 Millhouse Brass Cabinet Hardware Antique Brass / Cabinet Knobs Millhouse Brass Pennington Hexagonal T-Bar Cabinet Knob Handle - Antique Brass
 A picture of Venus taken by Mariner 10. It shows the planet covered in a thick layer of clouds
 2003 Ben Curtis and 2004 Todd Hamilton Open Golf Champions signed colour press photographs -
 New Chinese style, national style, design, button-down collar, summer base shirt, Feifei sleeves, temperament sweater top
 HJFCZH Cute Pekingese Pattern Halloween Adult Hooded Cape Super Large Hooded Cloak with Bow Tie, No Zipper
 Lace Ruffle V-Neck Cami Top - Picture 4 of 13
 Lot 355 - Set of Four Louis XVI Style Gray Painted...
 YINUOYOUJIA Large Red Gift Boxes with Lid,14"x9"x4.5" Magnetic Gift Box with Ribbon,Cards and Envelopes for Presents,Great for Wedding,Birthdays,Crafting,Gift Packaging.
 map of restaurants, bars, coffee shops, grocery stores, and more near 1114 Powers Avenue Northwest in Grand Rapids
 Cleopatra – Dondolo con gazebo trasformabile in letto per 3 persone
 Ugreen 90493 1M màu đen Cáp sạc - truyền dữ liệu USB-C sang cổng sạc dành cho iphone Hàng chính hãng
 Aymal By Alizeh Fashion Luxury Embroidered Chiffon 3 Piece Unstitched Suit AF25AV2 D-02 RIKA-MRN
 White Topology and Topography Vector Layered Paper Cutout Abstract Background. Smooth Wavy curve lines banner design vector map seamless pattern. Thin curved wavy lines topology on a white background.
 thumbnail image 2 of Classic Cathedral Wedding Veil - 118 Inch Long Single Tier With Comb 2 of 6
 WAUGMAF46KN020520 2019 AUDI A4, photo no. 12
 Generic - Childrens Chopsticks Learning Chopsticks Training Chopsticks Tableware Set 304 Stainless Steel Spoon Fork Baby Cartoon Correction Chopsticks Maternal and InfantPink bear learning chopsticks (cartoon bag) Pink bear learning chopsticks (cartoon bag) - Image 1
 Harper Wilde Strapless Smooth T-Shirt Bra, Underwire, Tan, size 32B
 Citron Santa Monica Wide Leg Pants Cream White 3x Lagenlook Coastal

TASK DETAILS: Nothing but the lines from the beginning of the records through the line with "New Chinese style, national" should appear, each printed exactly.

TASK SOLUTION:
 Millhouse Brass Cabinet Hardware Antique Brass / Cabinet Knobs Millhouse Brass Pennington Hexagonal T-Bar Cabinet Knob Handle - Antique Brass
 A picture of Venus taken by Mariner 10. It shows the planet covered in a thick layer of clouds
 2003 Ben Curtis and 2004 Todd Hamilton Open Golf Champions signed colour press photographs -
 New Chinese style, national style, design, button-down collar, summer base shirt, Feifei sleeves, temperament sweater top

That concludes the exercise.